Supermarkt statt Bundesliga-Trainerbank. Holger Stanislawski hat einen eher ungewöhnlichen Weg eingeschlagen. Nach seinem freiwilligen Abgang beim 1. FC Köln zum Ende der Zweitliga-Saison 2012/2013 hat er sich im Hamburger Nobelstadtteil Winterhude ein neues Standbein aufgebaut. Zusammen mit dem ehemaligen HSV-Profi Alexander Laas und dem früheren HSV-Aufsichtsrat Bernd Enge leitet er eine große REWE-Filiale und ist damit „erfolgreich und glücklich“, wie er sagt. Ganz von der Fußball-Bildfläche verschwunden ist er dabei nicht. Seit 2015 gibt er als ZDF-Experte sein Fachwissen zum Besten. Auch bei der WM in Russland wird er mit am Start sein, als – Zitat – „komischer Vogel an der Taktiktafel.“
Zum Kult-Kicker avancierte der heute 48 Jahre alte Hamburger zu seiner Zeit als Abwehrspieler beim FC St. Pauli. Ab 1993 absolvierte er 260 Pflichtspiele, davon 79 in der 1. Bundesliga, für den Kiez-Club. 2002 gehörte er zum Team „Weltpokalsiegerbesieger“, das den großen FC Bayern am Millerntor mit 2:1 in die Knie zwang. Das legendäre T-Shirt wurde damals zum Merchandising-Knaller und verkaufte sich mehr als 120.000 Mal. Markant war auch die Spielweise der Klub-Ikone. Als eisenharter Vorstopper flößte „Stani“, wie ihn alle nennen, den gegnerischen Angreifern gehörig Respekt ein. In der Saison 2001/02 verpasste der Dauerbrenner keine einzige Minute. Den Abstieg damals konnte er dennoch nicht verhindern. Aufgrund einer langwierigen Knieverletzung musste der Mannschaftskapitän 2004 seine aktive Karriere beenden, erlangte danach einen sport-kaufmännischen Abschluss und wechselte zunächst ins Management des Vereins.

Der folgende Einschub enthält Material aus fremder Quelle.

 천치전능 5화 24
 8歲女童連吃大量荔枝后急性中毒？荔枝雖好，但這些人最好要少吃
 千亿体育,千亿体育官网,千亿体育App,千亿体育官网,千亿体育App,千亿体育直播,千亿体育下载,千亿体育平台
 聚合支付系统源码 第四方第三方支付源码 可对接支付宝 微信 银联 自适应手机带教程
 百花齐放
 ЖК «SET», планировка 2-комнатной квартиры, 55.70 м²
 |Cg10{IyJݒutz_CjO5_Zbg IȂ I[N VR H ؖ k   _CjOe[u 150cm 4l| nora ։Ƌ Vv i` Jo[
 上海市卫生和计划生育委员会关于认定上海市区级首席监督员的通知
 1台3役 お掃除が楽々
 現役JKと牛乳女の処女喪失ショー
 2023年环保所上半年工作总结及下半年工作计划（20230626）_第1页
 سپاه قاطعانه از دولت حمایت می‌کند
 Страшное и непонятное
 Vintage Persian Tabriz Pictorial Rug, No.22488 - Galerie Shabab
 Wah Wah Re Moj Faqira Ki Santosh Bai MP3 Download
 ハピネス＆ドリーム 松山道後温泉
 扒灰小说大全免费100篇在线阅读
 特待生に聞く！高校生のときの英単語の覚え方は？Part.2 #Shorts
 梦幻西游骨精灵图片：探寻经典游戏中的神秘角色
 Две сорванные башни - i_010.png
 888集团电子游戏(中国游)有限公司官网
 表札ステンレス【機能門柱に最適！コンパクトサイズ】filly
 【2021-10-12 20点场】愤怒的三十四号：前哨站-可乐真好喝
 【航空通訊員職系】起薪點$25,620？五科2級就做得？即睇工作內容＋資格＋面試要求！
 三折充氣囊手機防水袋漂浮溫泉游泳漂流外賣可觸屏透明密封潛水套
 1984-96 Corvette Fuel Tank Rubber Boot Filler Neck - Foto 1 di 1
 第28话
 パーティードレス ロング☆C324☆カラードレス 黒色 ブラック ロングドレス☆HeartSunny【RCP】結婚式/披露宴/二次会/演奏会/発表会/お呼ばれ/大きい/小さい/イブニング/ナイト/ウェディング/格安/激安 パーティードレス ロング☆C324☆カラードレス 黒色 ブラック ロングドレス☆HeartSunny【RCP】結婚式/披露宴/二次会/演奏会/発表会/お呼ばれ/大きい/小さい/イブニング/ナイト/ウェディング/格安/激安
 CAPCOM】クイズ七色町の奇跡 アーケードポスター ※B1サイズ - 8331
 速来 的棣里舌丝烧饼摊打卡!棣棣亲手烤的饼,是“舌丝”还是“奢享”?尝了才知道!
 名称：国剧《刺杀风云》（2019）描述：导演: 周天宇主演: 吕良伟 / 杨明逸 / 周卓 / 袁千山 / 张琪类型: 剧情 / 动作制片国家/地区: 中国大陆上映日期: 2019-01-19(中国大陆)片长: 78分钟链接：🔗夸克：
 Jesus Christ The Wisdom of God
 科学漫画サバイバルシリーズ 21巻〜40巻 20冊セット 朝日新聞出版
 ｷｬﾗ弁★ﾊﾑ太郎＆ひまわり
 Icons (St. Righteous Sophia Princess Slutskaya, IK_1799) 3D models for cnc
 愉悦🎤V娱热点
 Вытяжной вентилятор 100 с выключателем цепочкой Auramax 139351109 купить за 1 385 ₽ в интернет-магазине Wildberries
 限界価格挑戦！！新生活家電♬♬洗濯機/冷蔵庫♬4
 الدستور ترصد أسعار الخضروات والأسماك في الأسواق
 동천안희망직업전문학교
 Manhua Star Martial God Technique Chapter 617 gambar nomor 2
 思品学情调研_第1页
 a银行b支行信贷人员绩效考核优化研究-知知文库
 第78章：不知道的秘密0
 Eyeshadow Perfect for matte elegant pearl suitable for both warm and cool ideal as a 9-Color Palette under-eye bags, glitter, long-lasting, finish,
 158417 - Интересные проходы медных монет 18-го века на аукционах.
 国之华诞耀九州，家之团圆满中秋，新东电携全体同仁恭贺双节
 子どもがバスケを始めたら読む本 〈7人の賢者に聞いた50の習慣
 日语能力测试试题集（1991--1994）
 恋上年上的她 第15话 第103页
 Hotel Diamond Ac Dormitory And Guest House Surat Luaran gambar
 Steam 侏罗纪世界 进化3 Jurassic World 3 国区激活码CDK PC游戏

Nach der Entlassung von Trainer Andreas Bergmann übernahm Stanislawski zusammen mit Co-Trainer André Trulsen die Mannschaft. Mangels Lizenz fungierte er damals zunächst als Teamchef. Innerhalb von vier Jahren führte er die Braun-Weißen von der dritten bis in die erste Liga und veränderte dabei auch die antiquierte Spielweise: vom typischen lang und weit hin zu schnellem attraktiven Angriffsfußball. Nach dem Bundesliga-Aufstieg 2010 – Stanislawski hatte in der Zwischenzeit als Jahrgangsbester seine Fußball-Lehrer-Lizenz erworben – stieg Pauli nach nur einer Spielzeit wieder ab. „Stani“ nahm danach seinen Hut.
Nach einem kurzen Intermezzo bei der TSG Hoffenheim von Juli 2011 bis Februar 2012 heuerte er beim 1. FC Köln an und avancierte auch hier bei Fans und Medien zum Liebling. Den zuvor abgestiegenen „Effzeh“ wollte er möglichst auf direktem Weg wieder zurück ins Oberhaus führen. Als dies mit Platz fünf nicht gelang verkündete der Norddeutsche völlig überraschend seinen Abschied, trotz eines noch laufenden Vertrags.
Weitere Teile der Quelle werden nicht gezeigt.